_DESCRIPTION OF THE TASK_: Give again, exactly and only, the lines running from the one with "Mid rise jeans with pearls" to the end of the material below; leave out pictures.
■ ■ ■ ■
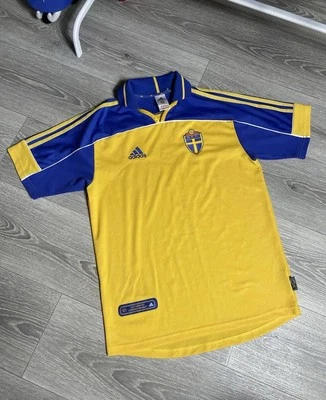 Authentic Vintage Men’s Adidas Sweden 2000 Home Soccer/Football Jersey Size S  - Image 1 of 4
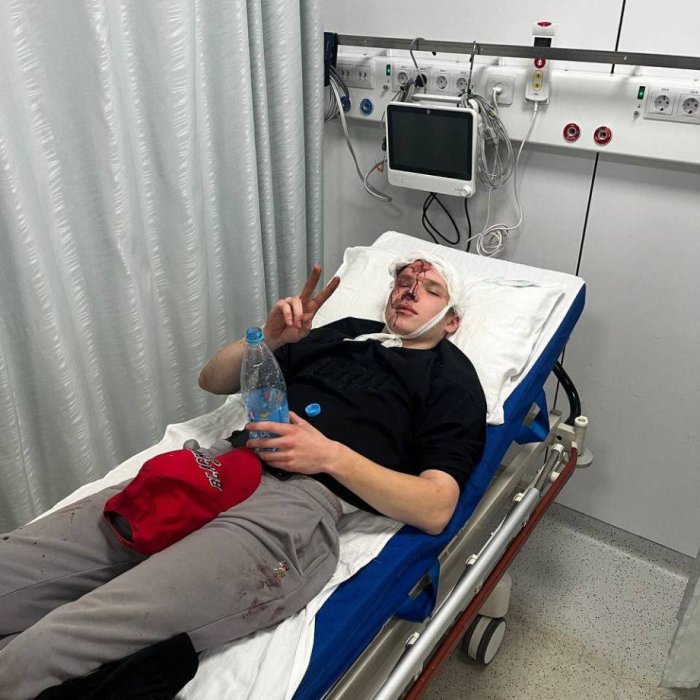 В Санкт-Петербурге многонационалы избили и ограбили русского хоккеиста В Санкт-Петербурге многонационалы избили и ограбили русского хоккеиста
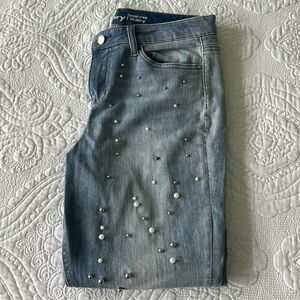 Mid rise jeans with pearls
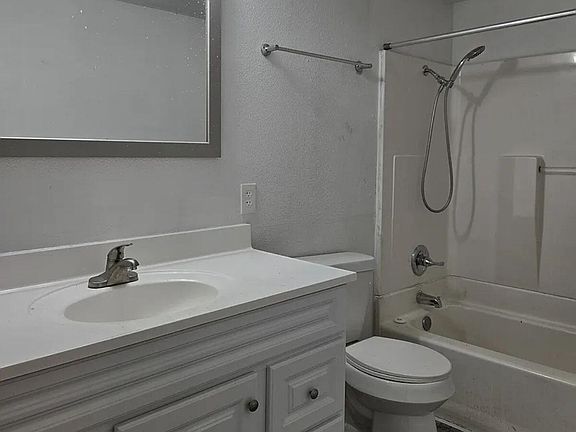 4th image of 224 E 6th St
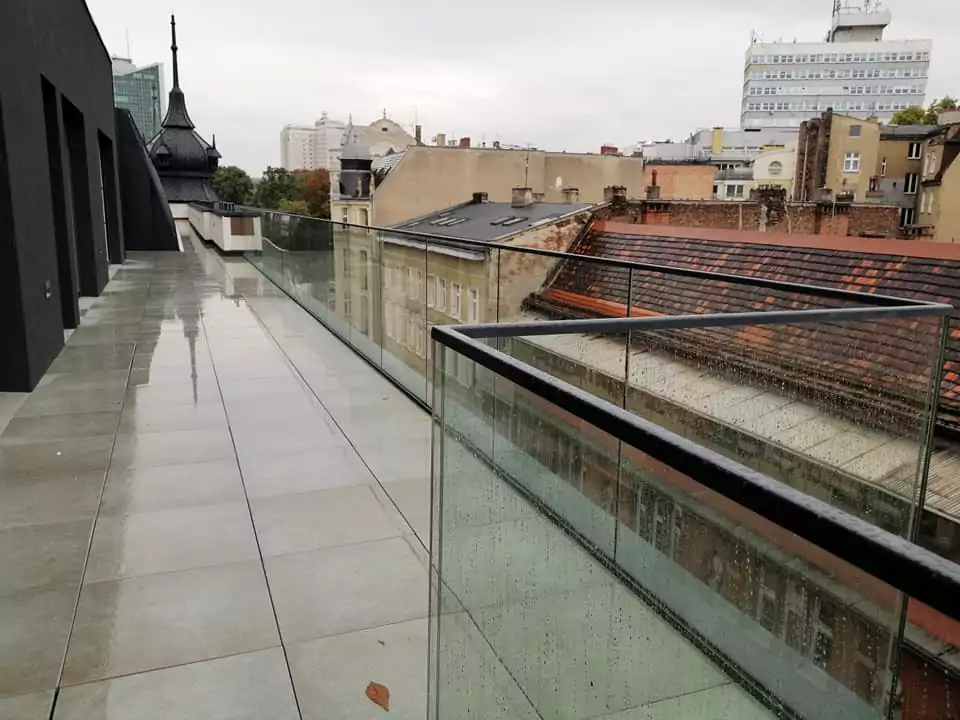 balustrada, balustrada szklana, balustrada samonośna szklana, balustrada zewnętrzna szklana, bezpieczna balustrada szklana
■ ■ ■ ■
_TASK OUTPUT_:
 Mid rise jeans with pearls
 4th image of 224 E 6th St
 balustrada, balustrada szklana, balustrada samonośna szklana, balustrada zewnętrzna szklana, bezpieczna balustrada szklana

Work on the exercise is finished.